- [Assigned task] An exact copy is needed of the lines in the entries below from the line with "GYPC / Glycophorin C Antibody" up to and including the line with "Western blot analysis", and of nothing else. Leave the pictures out.

- [Dataset records]
►
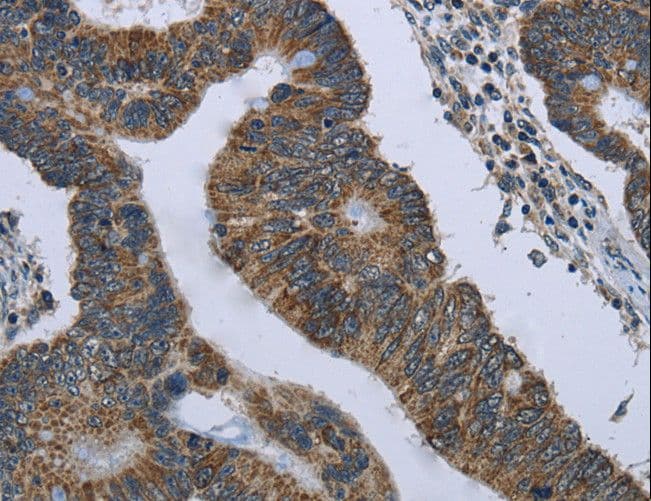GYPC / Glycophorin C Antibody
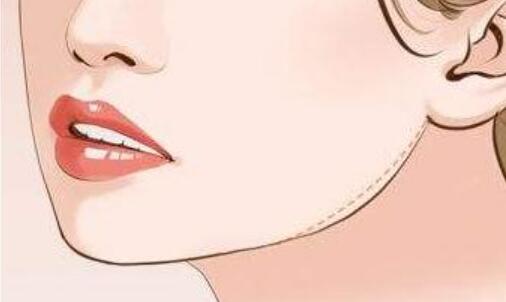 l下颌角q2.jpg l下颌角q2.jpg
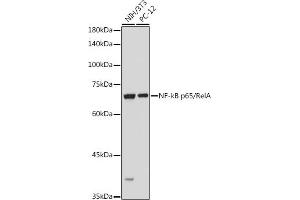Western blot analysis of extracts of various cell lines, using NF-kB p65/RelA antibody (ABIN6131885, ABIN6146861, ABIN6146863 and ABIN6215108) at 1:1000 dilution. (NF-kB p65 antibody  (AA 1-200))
◄
►
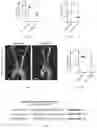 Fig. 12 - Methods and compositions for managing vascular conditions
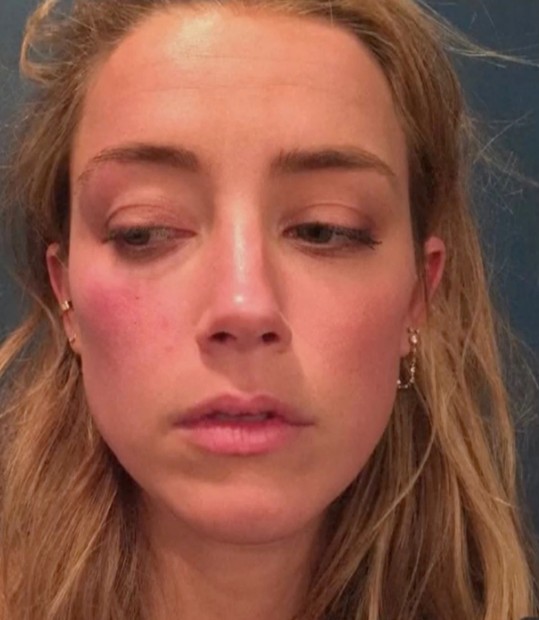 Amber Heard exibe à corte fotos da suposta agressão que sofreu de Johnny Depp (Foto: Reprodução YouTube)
◄
- [Solution to this exercise]
GYPC / Glycophorin C Antibody
 l下颌角q2.jpg l下颌角q2.jpg
Western blot analysis of extracts of various cell lines, using NF-kB p65/RelA antibody (ABIN6131885, ABIN6146861, ABIN6146863 and ABIN6215108) at 1:1000 dilution. (NF-kB p65 antibody  (AA 1-200))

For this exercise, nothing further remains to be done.